My foster son was murdered.
But that’s not the most important fact about his life.
Yesterday I was writing a humor piece when I was interrupted.
At the point where I was running out of ideas, the phone rang. It was the high school girlfriend of my foster son, Larry Otis Clark. She told me he had been murdered.
He died of blunt force trauma and asphyxiation. In an apartment breezeway where he was discovered eight hours later. It isn’t a particularly dangerous part of the town where he lived. It isn’t the safest either.
Larry was one of the quiet, gentle ones. He survived Hurricane Katrina as a child, and as a result, was relocated to Fort Worth, Texas. He and his brother and father were in Fort Worth, while his mother and sister were evacuated to Houston. Shortly after, his mother and sister moved back to New Orleans, and Larry stayed in Fort Worth. My son met him in Middle School.
My son, Blake Scott, is now six foot five and weighs 250. In middle school, he was five foot four and cute as hell. He was also a year younger than everyone, at thirteen. Larry was nearly six feet and wiry at age fourteen. Blake was bullied in middle school. One incident was in the locker room after basketball, when he was attacked from the back and pushed over a bench. He left campus and called me. I picked him up and called the campus police.

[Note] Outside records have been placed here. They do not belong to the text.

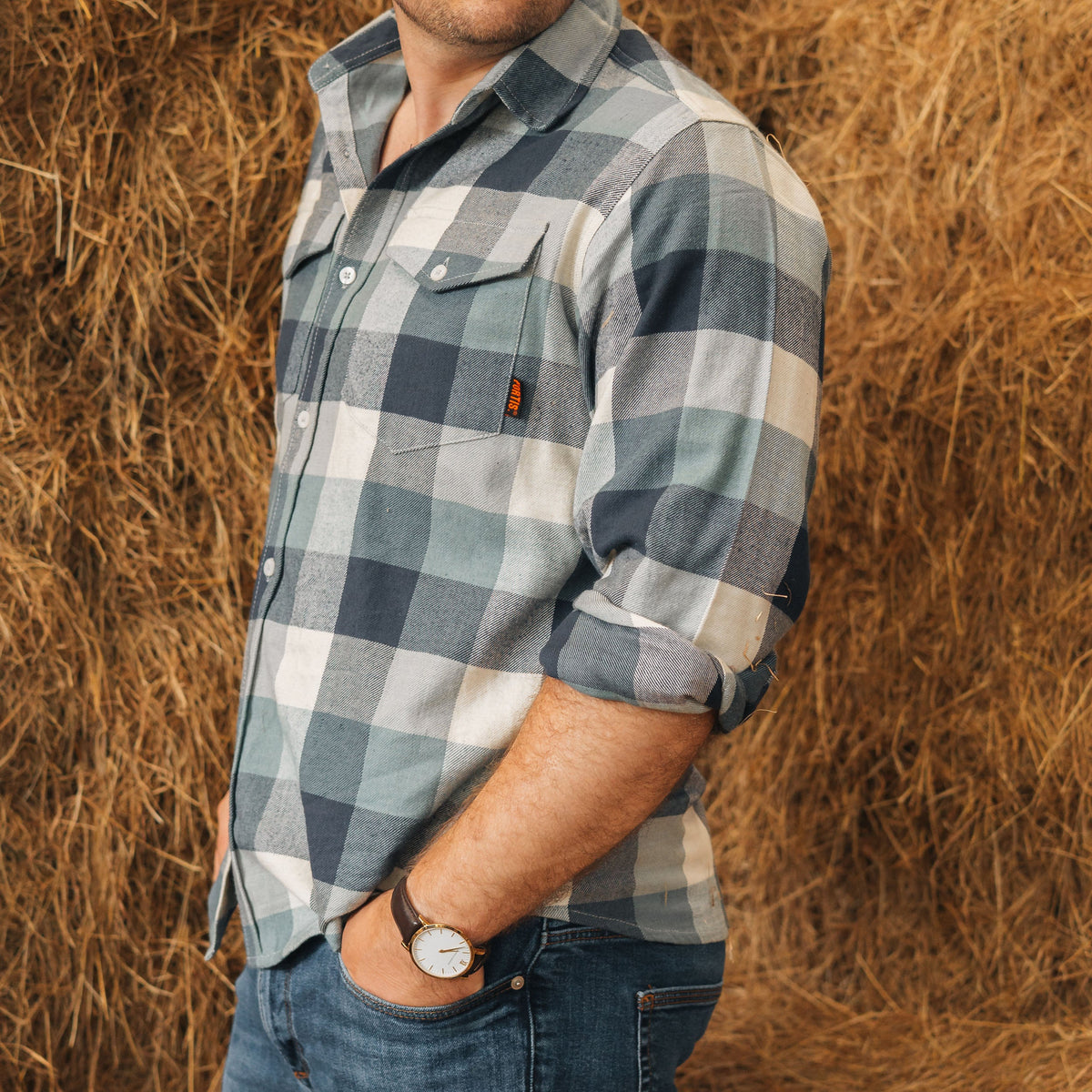 Ligna Checked Flannel Shirt Blue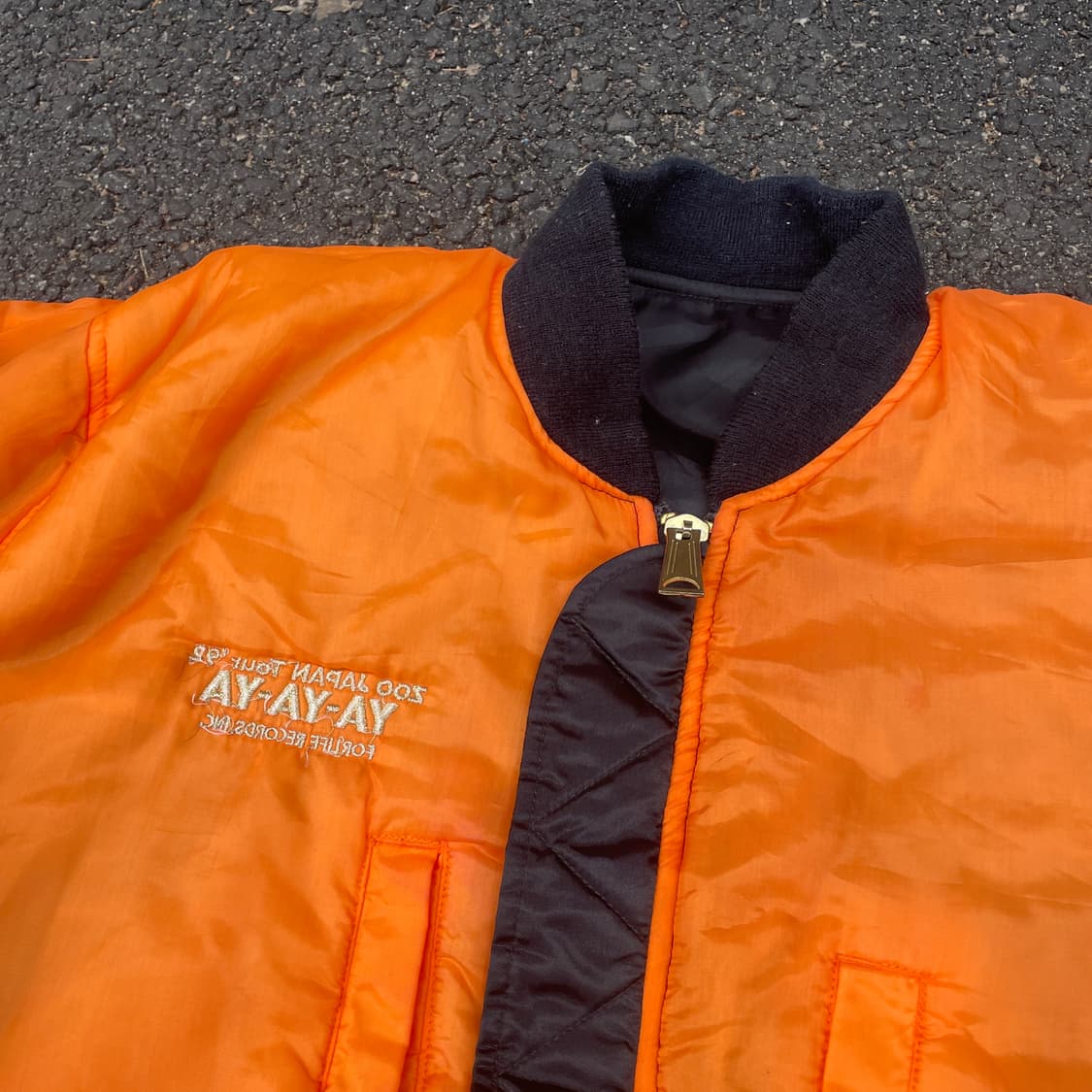 90s 일판 ZOO 92년 ya ya 한정판 리버시블 양면 항공잠바 XL 상품이미지8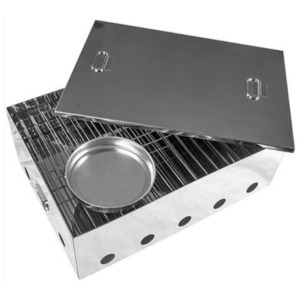 Two Tray Portable Stainless-Steel Smoker - Fish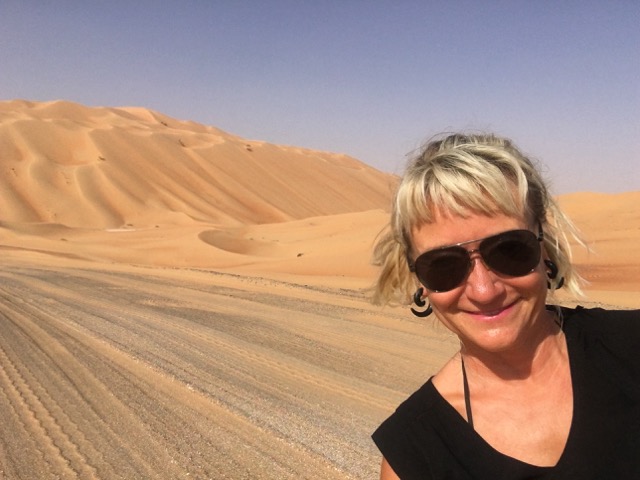 Aileen in der Wüste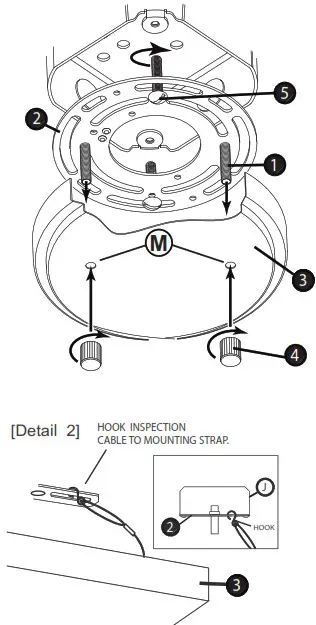 HINKLEY 5041 Mount Ceiling Light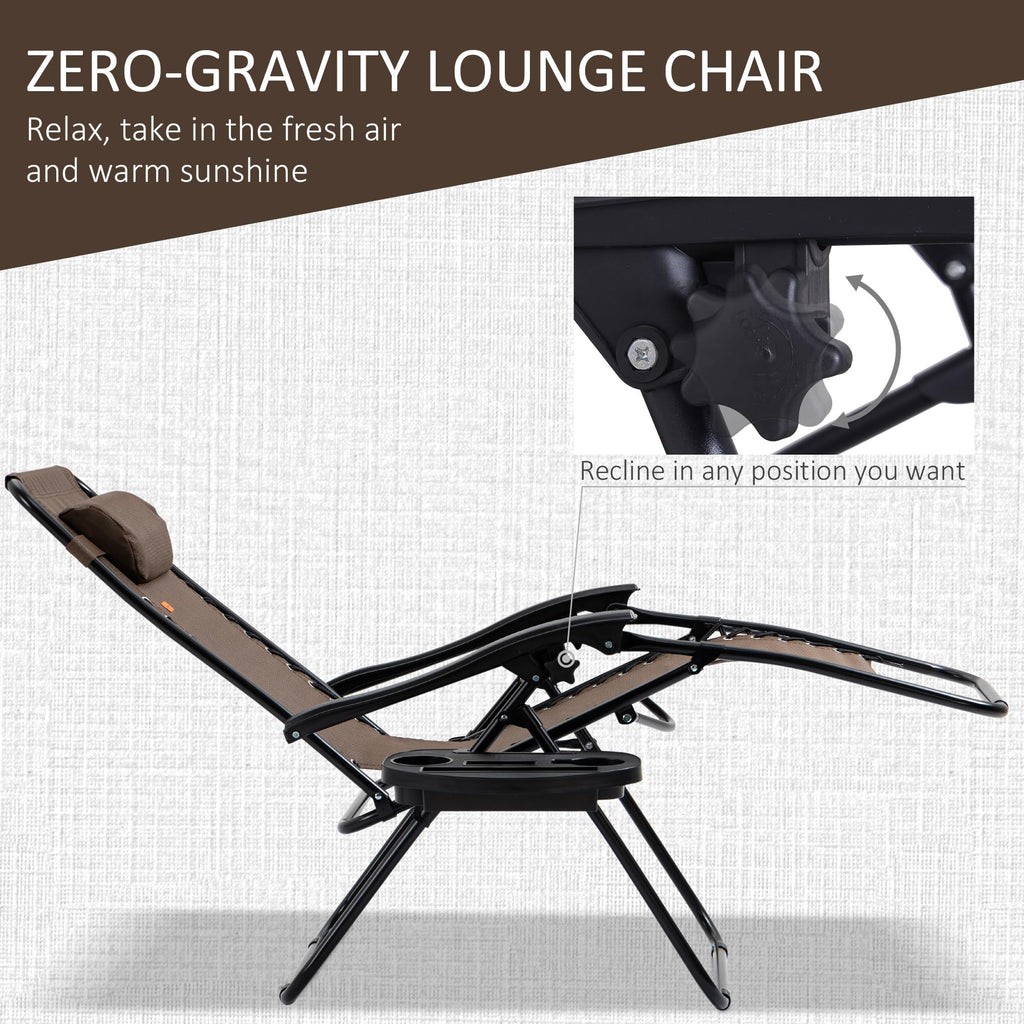 Zero Gravity Chair Set with Side Table I839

The campus police announced for anyone with information about the incident to come forward. When no one did, he questioned the boys who were in the locker room. They were all terrified of the perpetrator and wouldn’t talk. And I wouldn’t send Blake back to school until the perpetrator was caught.
One boy stood up to the bully for my son. Larry. I didn’t know him at all, and Blake and he weren’t even close yet. But he told the truth, and the next day after school, Blake asked if Larry could spend the weekend. Of course, I said yes.
He entered our home a quiet, gentle giant. Sweet, but hard to get to open up to me, or any adult. He never did learn how to talk to adults as a kid. His requests came through Blake, who asked me,
“Can Larry move in with us, Mom?”
He was living in a small, two bedroom apartment with his father, step-mother, and four other kids. Later I learned the father was a thief and a dealer, but even before I knew that, I let Larry move in with us. We owed him.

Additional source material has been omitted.